TO DO: Give again, word for word, the lines below that run from the line with "a patio with" through the line with "All the ingredients". Drop the pictures.

DATA FOR THIS EXERCISE:
◆ ◆ ◆ ◆ ◆
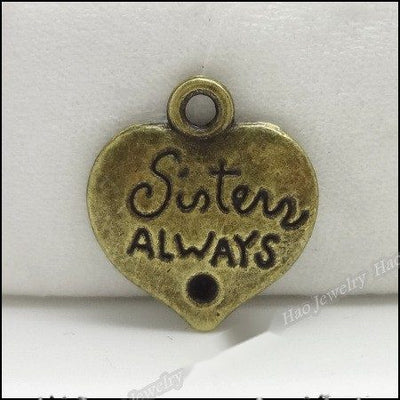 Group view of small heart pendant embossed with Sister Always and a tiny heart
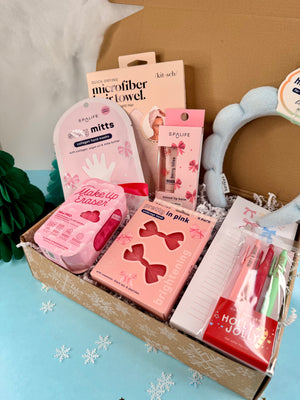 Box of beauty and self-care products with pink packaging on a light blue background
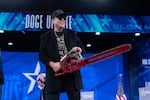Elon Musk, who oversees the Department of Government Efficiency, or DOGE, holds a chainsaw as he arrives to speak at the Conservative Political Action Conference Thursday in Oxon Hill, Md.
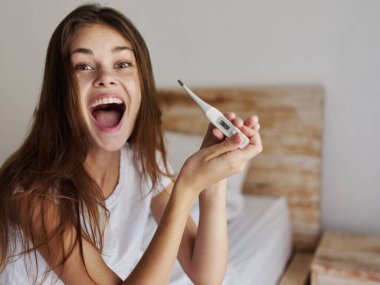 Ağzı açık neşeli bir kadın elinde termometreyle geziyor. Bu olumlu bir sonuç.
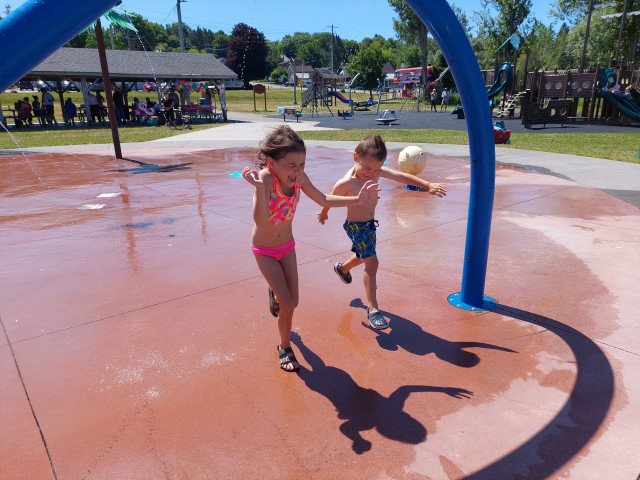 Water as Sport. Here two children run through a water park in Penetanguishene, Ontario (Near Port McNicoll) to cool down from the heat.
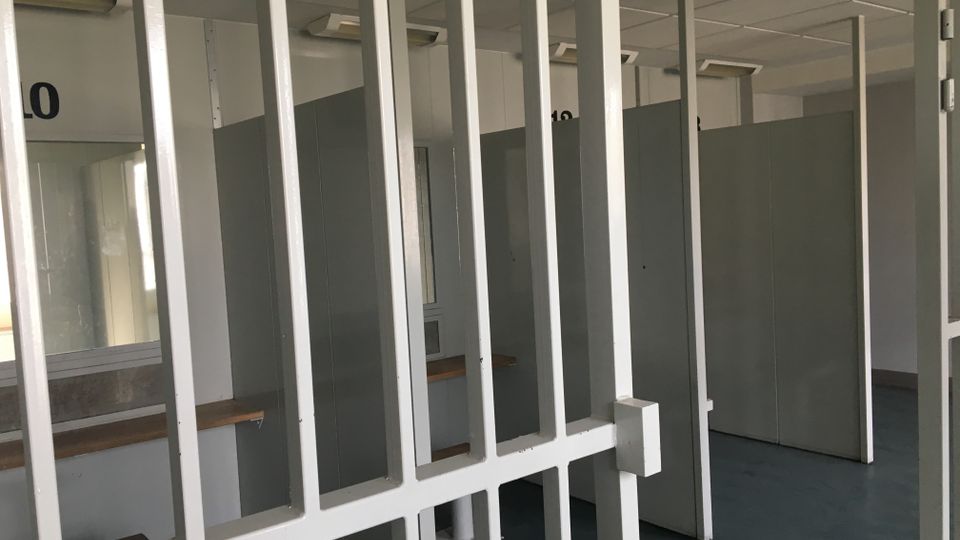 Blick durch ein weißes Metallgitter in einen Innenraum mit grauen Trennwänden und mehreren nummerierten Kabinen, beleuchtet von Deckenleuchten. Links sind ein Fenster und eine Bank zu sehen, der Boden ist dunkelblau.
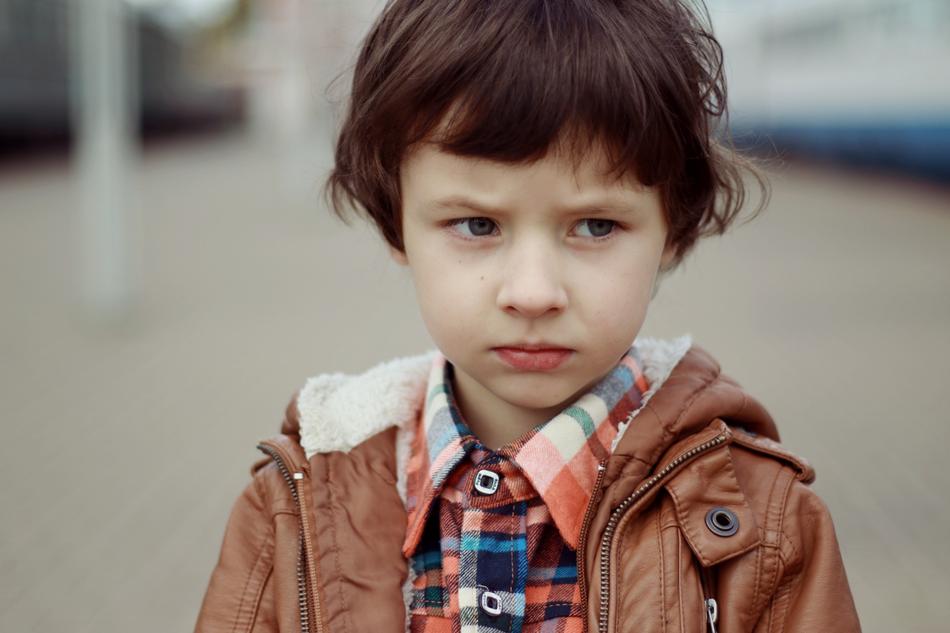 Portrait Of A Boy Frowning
◆ ◆ ◆ ◆ ◆
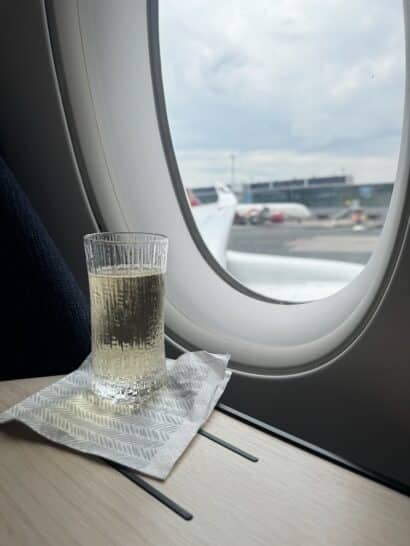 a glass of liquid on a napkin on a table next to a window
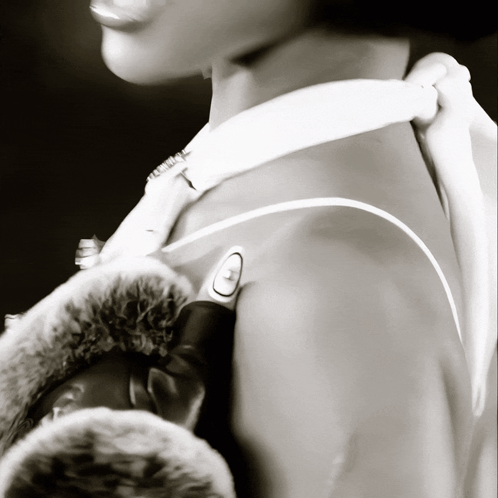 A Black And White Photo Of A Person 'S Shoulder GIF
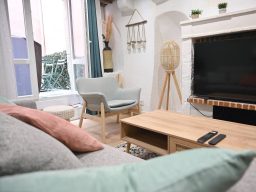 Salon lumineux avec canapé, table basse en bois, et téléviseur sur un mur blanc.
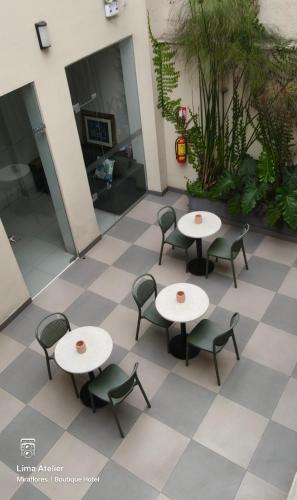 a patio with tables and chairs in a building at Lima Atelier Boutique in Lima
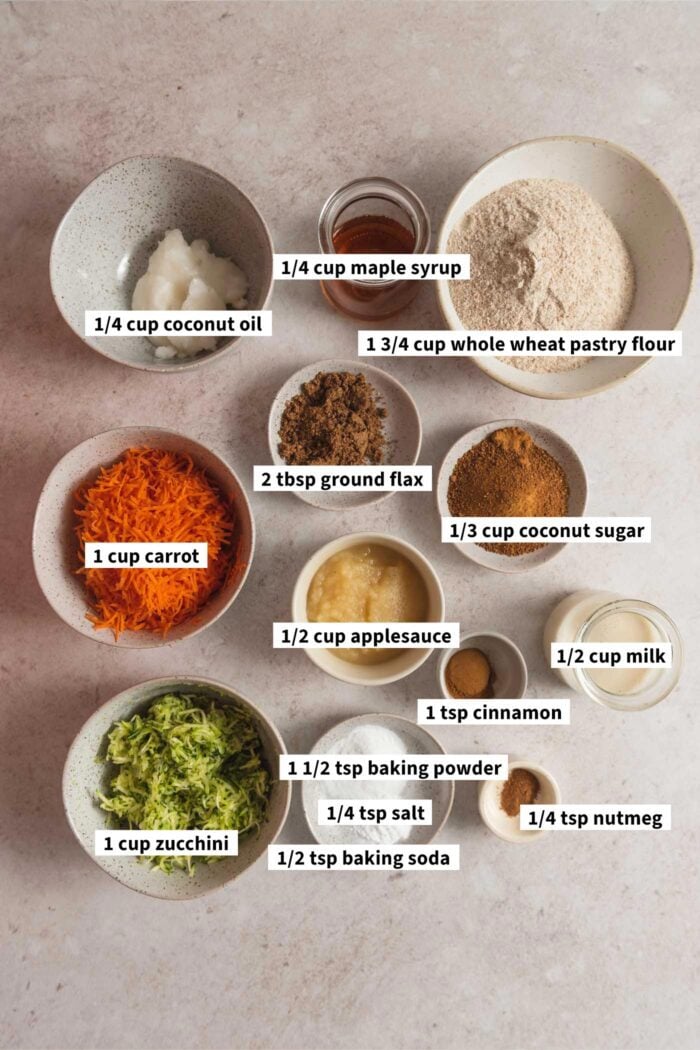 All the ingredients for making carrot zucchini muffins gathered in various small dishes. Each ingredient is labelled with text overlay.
◆ ◆ ◆ ◆ ◆
WRITTEN ANSWER:
 a patio with tables and chairs in a building at Lima Atelier Boutique in Lima
 All the ingredients for making carrot zucchini muffins gathered in various small dishes. Each ingredient is labelled with text overlay.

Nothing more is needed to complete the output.